- _Required work_:
Below is a listing; retype exactly the lines between the one containing "Now we will check" and the one containing "Now don't ask", inclusive, minus the pictures.

- _Input data_:
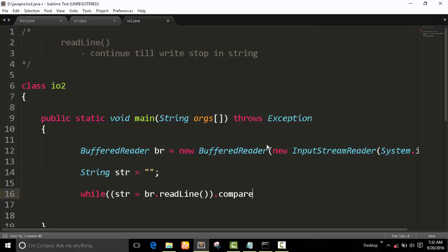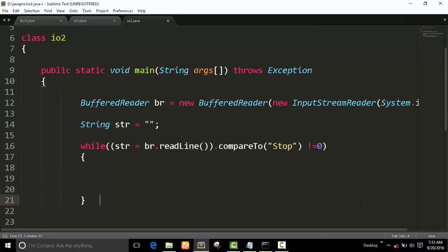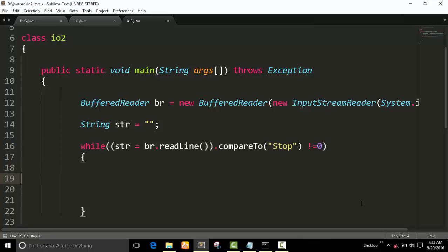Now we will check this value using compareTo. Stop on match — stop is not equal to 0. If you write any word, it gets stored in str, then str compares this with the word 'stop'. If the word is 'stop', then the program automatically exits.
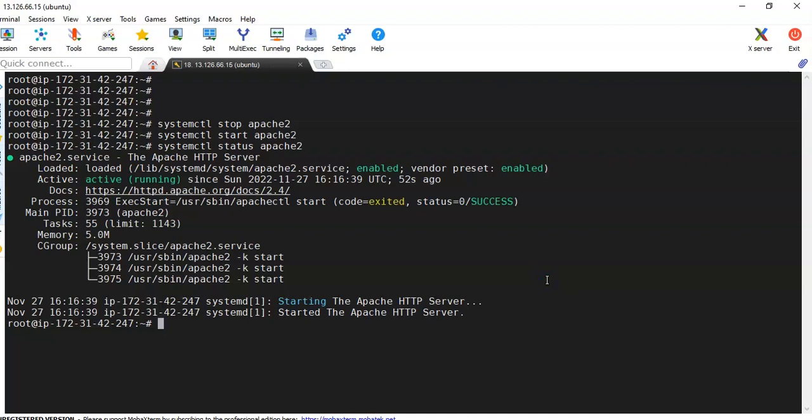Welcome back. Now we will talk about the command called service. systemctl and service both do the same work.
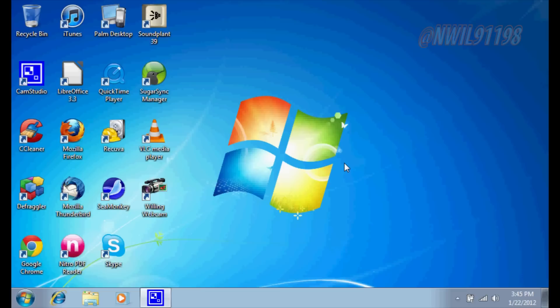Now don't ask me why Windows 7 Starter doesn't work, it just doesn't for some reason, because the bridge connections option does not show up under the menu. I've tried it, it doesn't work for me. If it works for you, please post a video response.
---
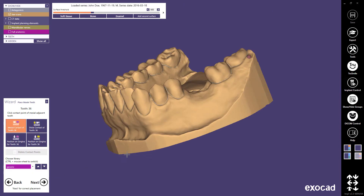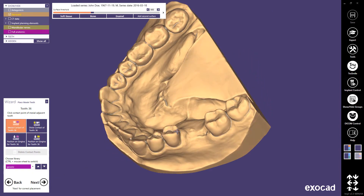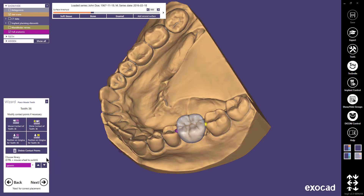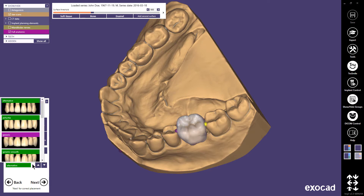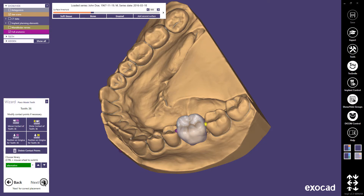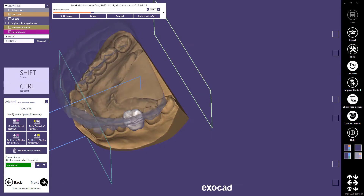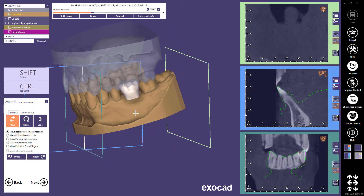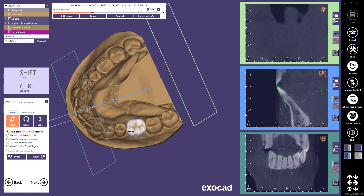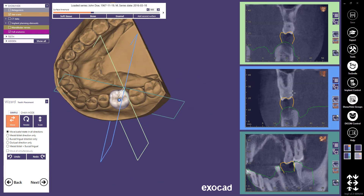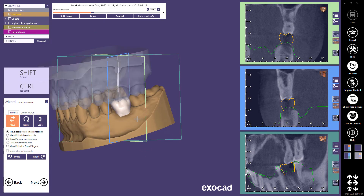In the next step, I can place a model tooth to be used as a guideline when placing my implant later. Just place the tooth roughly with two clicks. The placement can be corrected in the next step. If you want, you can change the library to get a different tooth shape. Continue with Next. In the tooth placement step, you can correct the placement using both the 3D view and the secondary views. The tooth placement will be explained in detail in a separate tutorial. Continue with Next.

- _Task solution_:
Now we will check this value using compareTo. Stop on match — stop is not equal to 0. If you write any word, it gets stored in str, then str compares this with the word 'stop'. If the word is 'stop', then the program automatically exits.
Welcome back. Now we will talk about the command called service. systemctl and service both do the same work.
Now don't ask me why Windows 7 Starter doesn't work, it just doesn't for some reason, because the bridge connections option does not show up under the menu. I've tried it, it doesn't work for me. If it works for you, please post a video response.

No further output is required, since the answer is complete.